- _Supplied information_
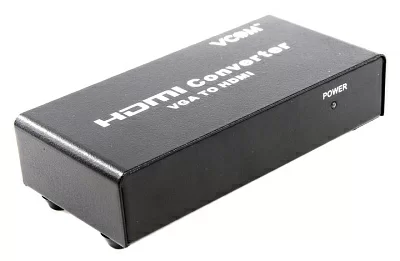 Конвертер VCOM DD491 VGA to HDMI Converter  (VGA(15F)+2xRCA-->HDMI  19F) +  б.п.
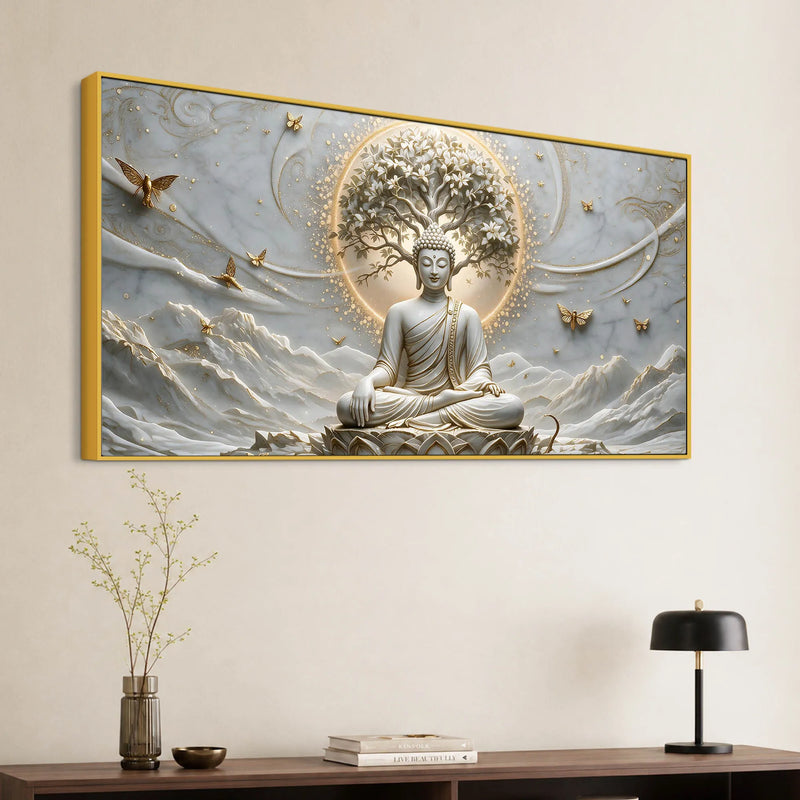 Serene Buddha Under Sacred Bodhi Tree 3D Canvas Wall Painting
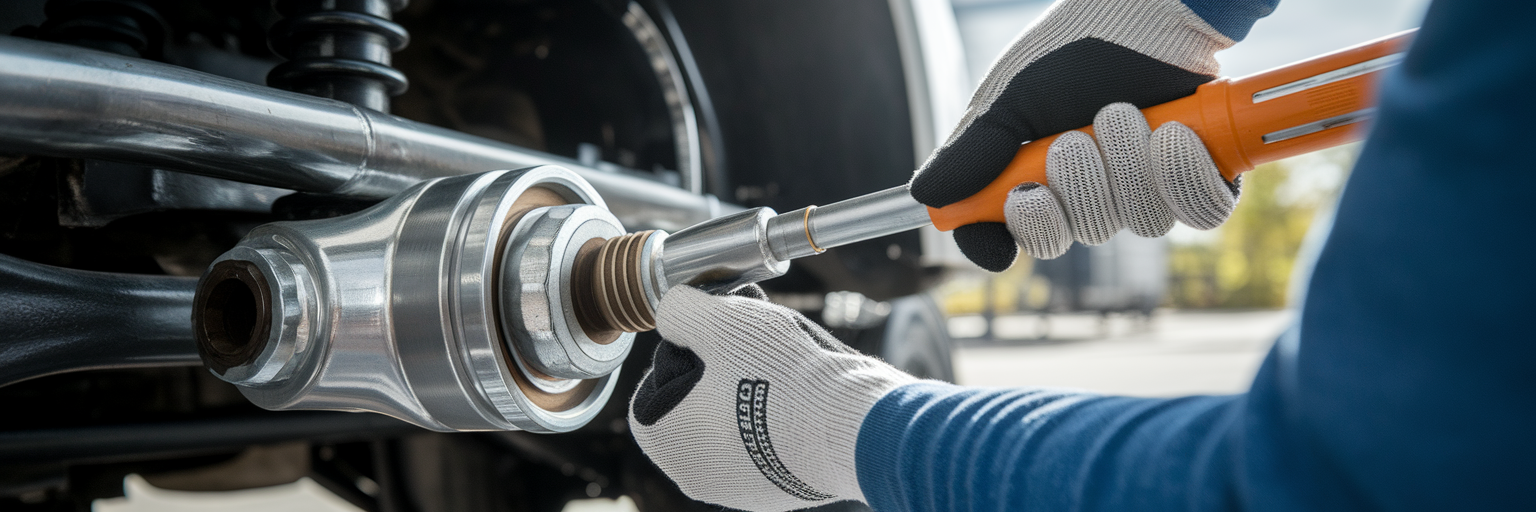 Hands using torque wrench on suspension bolt.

- _Your assignment_
Reproduce the whole listing above character for character; pictures do not belong in it.

- _Exercise response_
 Конвертер VCOM DD491 VGA to HDMI Converter  (VGA(15F)+2xRCA-->HDMI  19F) +  б.п.
 Serene Buddha Under Sacred Bodhi Tree 3D Canvas Wall Painting
 Hands using torque wrench on suspension bolt.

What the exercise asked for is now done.